EU funding to help wildlife in Cumbria and the Scottish Borders

160721 farne islands terns paul kingston
Terns along the British coastline

A project to improve conditions of tens of thousands of hectares in the River Tweed area and along the Northumberland coast will receive £5.8 million of EU funding.

It aims to support key over-wintering birds such as the purple sandpiper, as well as Arctic tern breeding colonies, which help control invasive species and improve visitor management. The scheme will benefit more than 49,000 hectares (120,000 acres) of habitat and water quality.

It is part of an £11 million pot split over three projects in Northumberland and the Scottish Borders, Cumbria, and South Yorkshire. The three plans over the next five years are aimed at tackling the nature and climate crises, government conservation agency Natural England said.

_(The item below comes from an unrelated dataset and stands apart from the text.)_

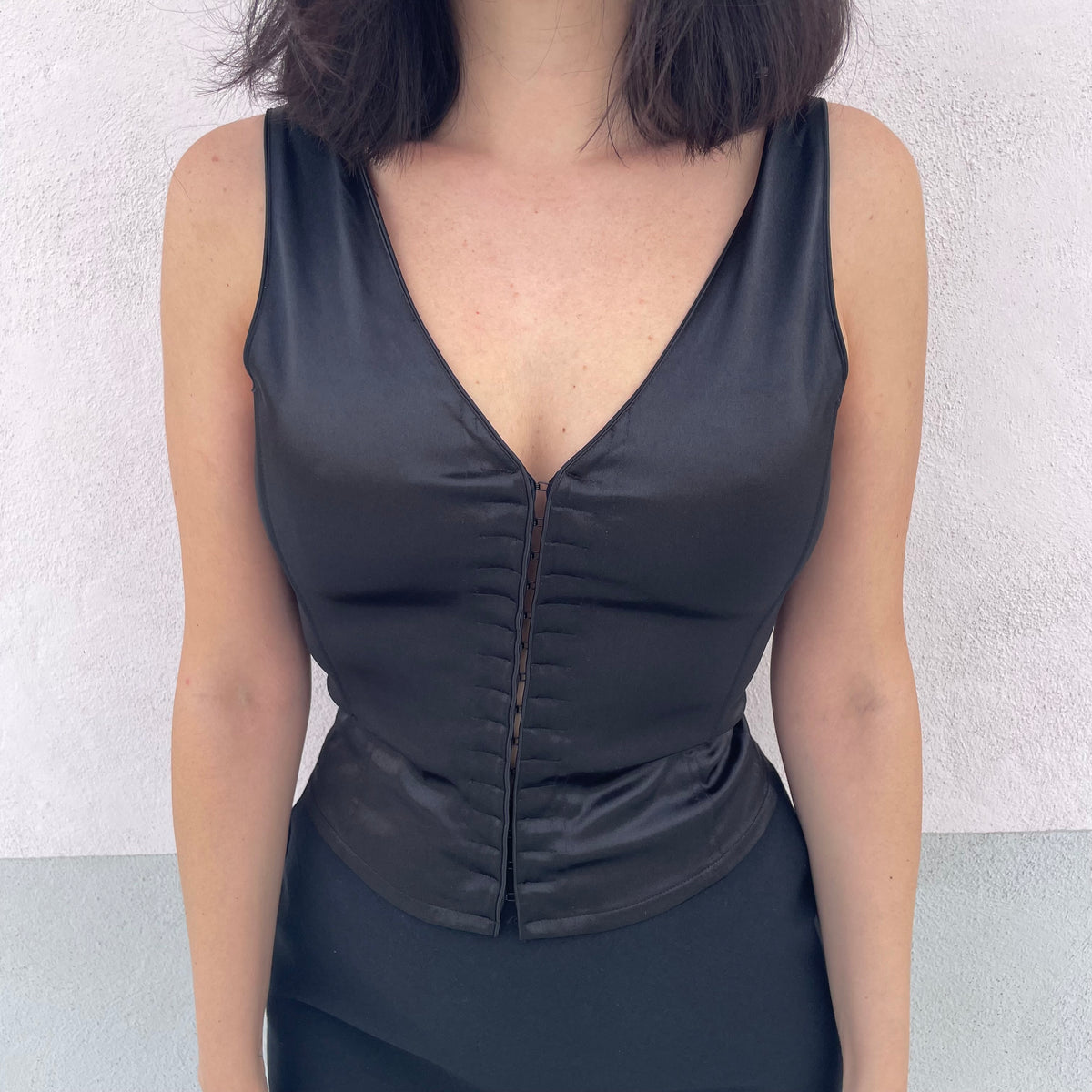 Bustier nero raso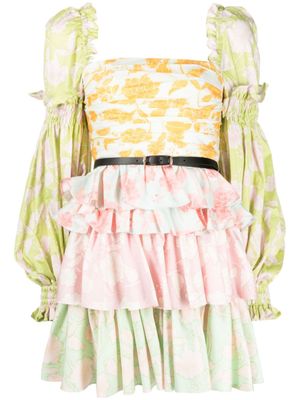 Leo Lin robe courte Holly à manches longues - Multicolore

One of the other projects is a conservation scheme in Cumbria, to increase the population of critically endangered freshwater pearl mussels along parts of the River Kent in the county, which is receiving £3.8 million.

The threatened mussels can filter up to 50 litres of water a day, improving the water quality for species such as fish, eels and otters.

The third plan aims to restore and improve 400 hectares (1,000 acres) of degraded raised bogs and trial innovative payment schemes for carbon storage in the Thorne Moor Special Area of Conservation in South Yorkshire.

The scheme, focusing on the largest area of carbon-rich lowland raised peatbog in England, one of western Europe's rarest and threatened habitats, is receiving £2.1 million.

They will be delivered in partnerships led by Natural England and funded by EU Life, having bid for funding from the European conservation scheme before it closed to British projects.

Natural England chairman Tony Juniper said: "These innovative partnership projects present highly tangible examples of the efforts being made to protect and restore critically endangered species and habitats.

"From the conservation of freshwater pearl mussels in Cumbria to storing carbon in lowland raised bog in South Yorkshire, these new nature recovery projects are among a series of initiatives through which Natural England is taking the lead in tackling the biodiversity crisis and climate change challenge.

"I'm hopeful that these nature recovery projects will inspire more action across the country, enabling more people to enjoy wildlife-rich natural landscapes into the future."